Friday, September 9, 2011

What stocks to buy ?

I frequently come across people who are still stuck in the world where they wish to know the magic stocks which will pay for their dream holidays, etc. It is odd that after months of falling markets people are most likely on losses and yet are looking for more risks.

Had you been defensive you would have saved your capital. It takes years for beginners to learn. One behavioral problem is the dream of easy money and instant gratification. So buying a stock in a meandering market also looks enticing. Most investors are sitting on losses on investments made in the past 8-10 months. Yet they continue to ask for more stocks to buy. They are expecting tips and not value buys. Even the professionals I meet are making losses.

I guess people are confident of their business and wish to continue investing which is a good sign.

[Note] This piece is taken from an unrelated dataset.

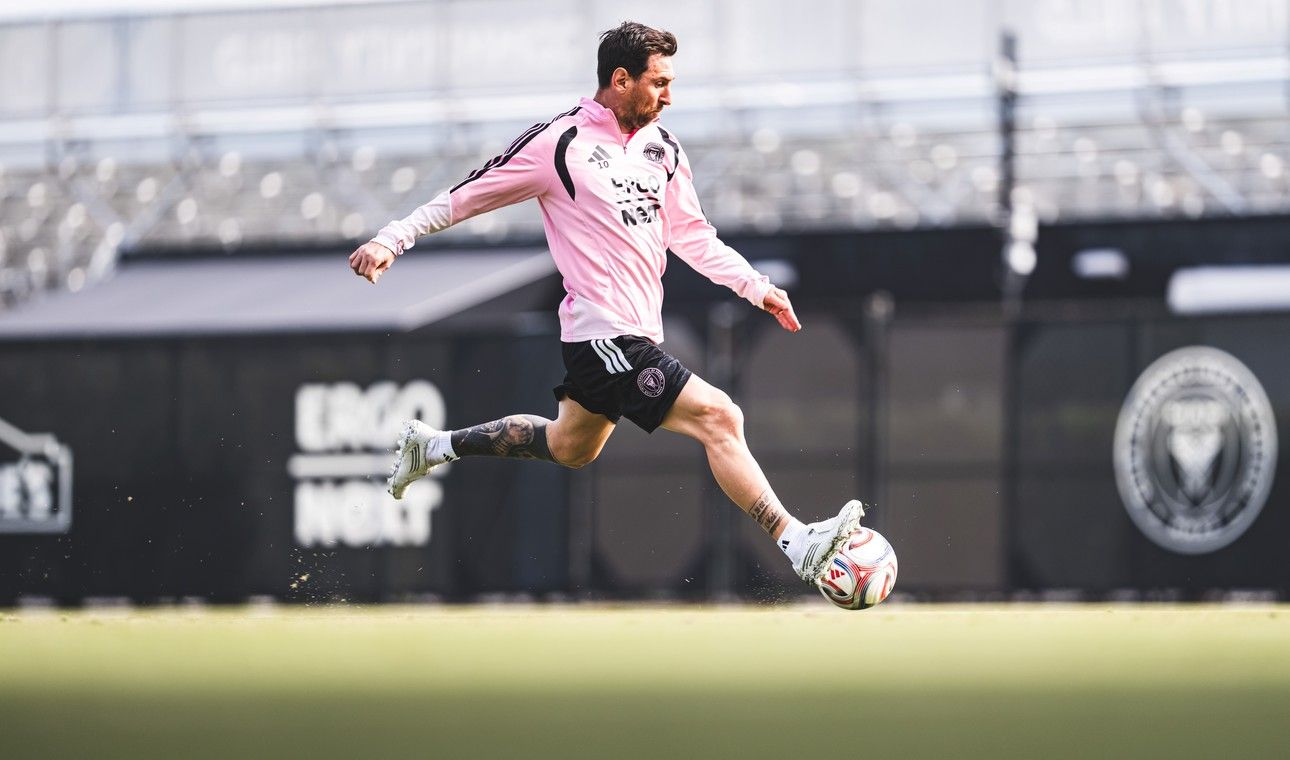 Leo Messi en la práctica del Inter de Miami que hoy arriba a Guayaquil.Foto:Reuters).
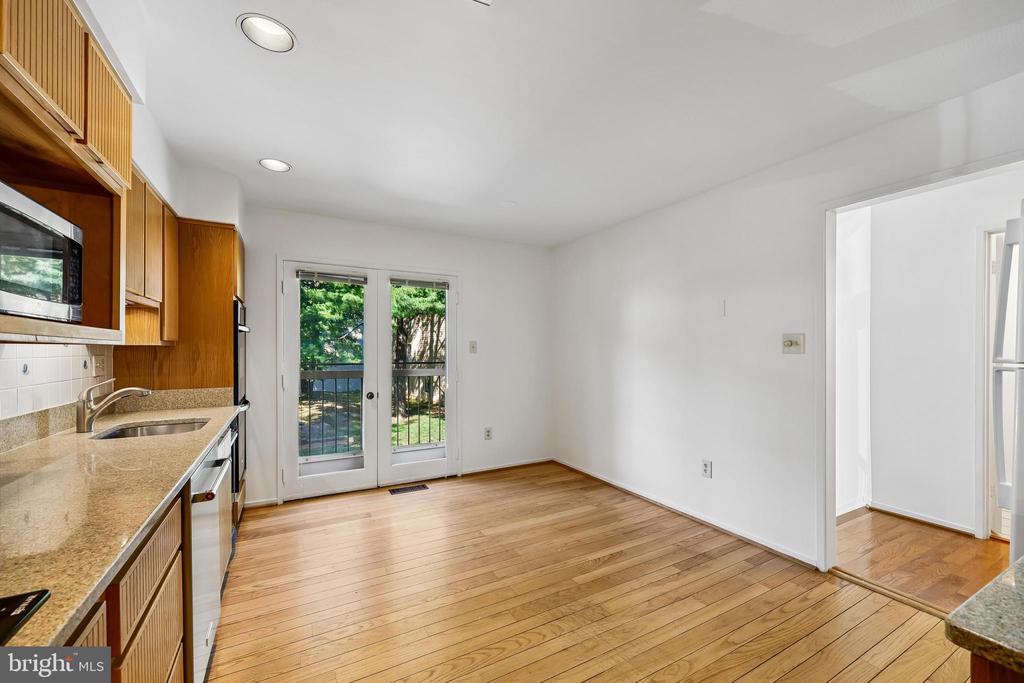 5904 VALERIAN LANE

I also find that all investors now inquire about gold (which I have been selling). I must admit that to watch everyone show the same predictable behavior like clock work is amazing. Chasing increasing asset prices late in the game is risky.
I made a 30% return in 2 days SHORTING silver (a 3x leveraged fund). Few years back I made an almost 1200% return in 2-3 months leveraging silver on the way up. But I sold timely and kept the profit.

To draw the line on greed is a tough task. To learn these behavioral traits takes time. It is obvious that people wish to learn through pain. Most infact will never learn. They have only themselves to thank.

Finally at the bottom of the market they smarten up....and invest in fixed deposits and debt IN A BULL MARKET !

Incredibly most people will live their entire lives like this.

So what have I been blogging? Read it. You would have been up for the year if you followed it. I have been writing about macro. A change in asset class.

I must confess that inspite of the falling market, I too have attempted to buy. But on failure of my investment thesis, I have to humbly admit my mistake and exit. Thats precisely how I am up for the year.